### Exercise brief
Please restate every line below exactly, without any pictures.

### Supplied material
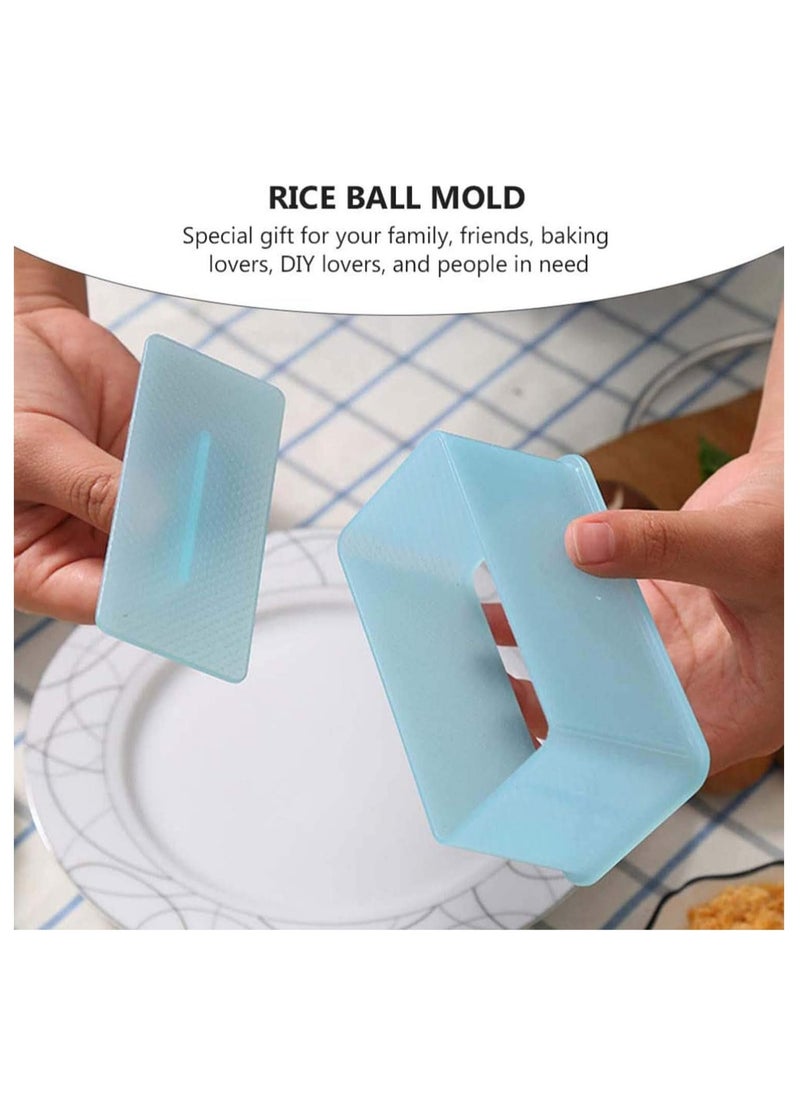 KASTWAVE - Sushi Press Mold, Non Stick Rectangular Spam Musubi Maker Mould Rice Mold Cake Mold Luncheon Meat Press Mold Box for Home Party School Kitchen Restaurant DIY Mold 2Pcs (Blue) - Image 1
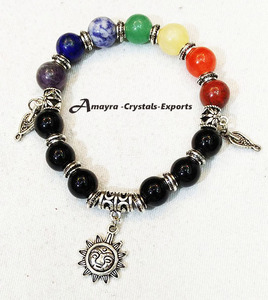 Pulsera de Obsidiana Negra con Amuleto de Elefante, Hecha a Mano, de Ágata, Joyería de Moda, Tendencia Amorosa, Cristales Amayra, Venta al por Mayor - Product Image 4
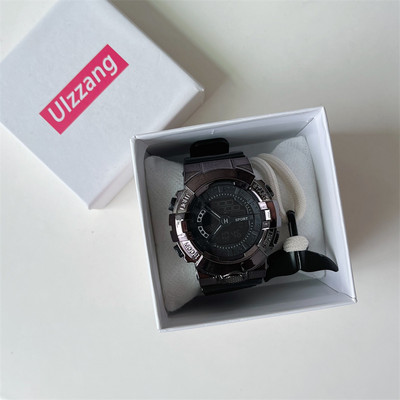 Suure sihverplaadi ja ökonahast rihmaga meeste käekell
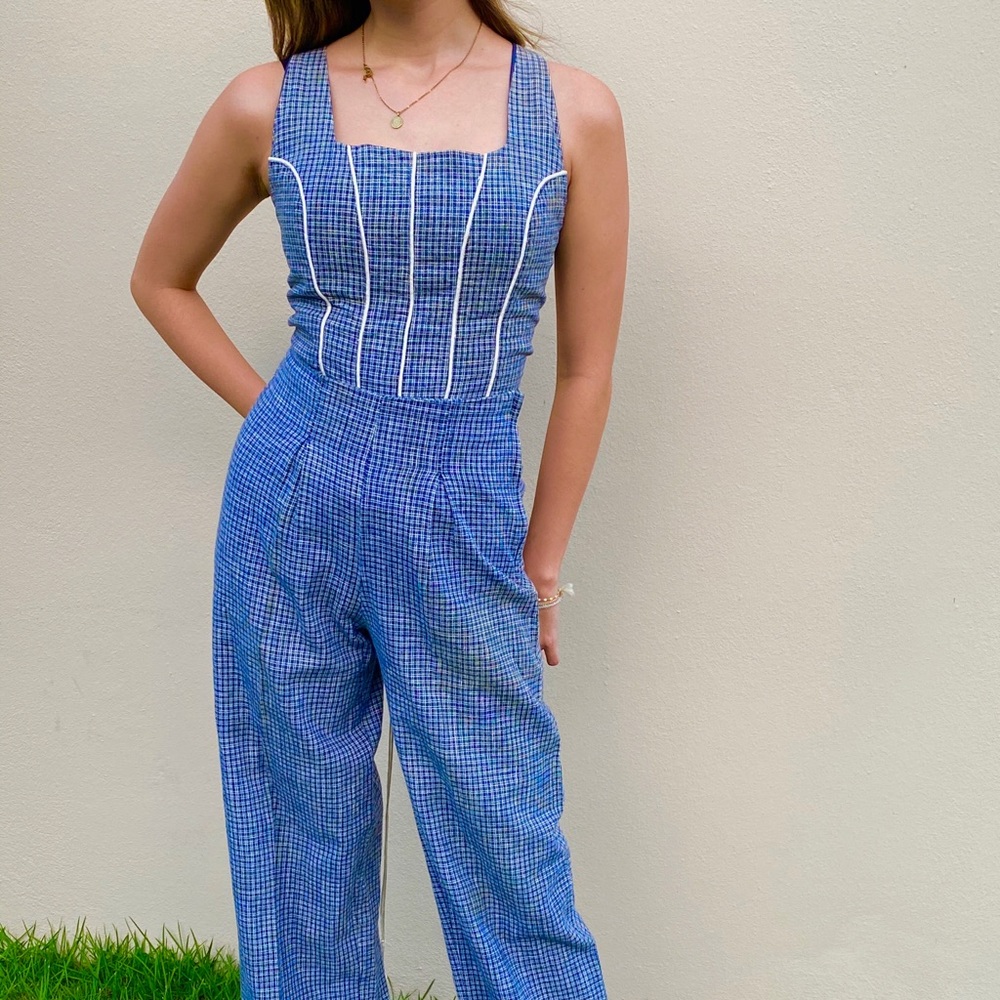 Vintage Set (Corset top + High-waisted pants)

### Your response
 KASTWAVE - Sushi Press Mold, Non Stick Rectangular Spam Musubi Maker Mould Rice Mold Cake Mold Luncheon Meat Press Mold Box for Home Party School Kitchen Restaurant DIY Mold 2Pcs (Blue) - Image 1
 Pulsera de Obsidiana Negra con Amuleto de Elefante, Hecha a Mano, de Ágata, Joyería de Moda, Tendencia Amorosa, Cristales Amayra, Venta al por Mayor - Product Image 4
 Suure sihverplaadi ja ökonahast rihmaga meeste käekell
 Vintage Set (Corset top + High-waisted pants)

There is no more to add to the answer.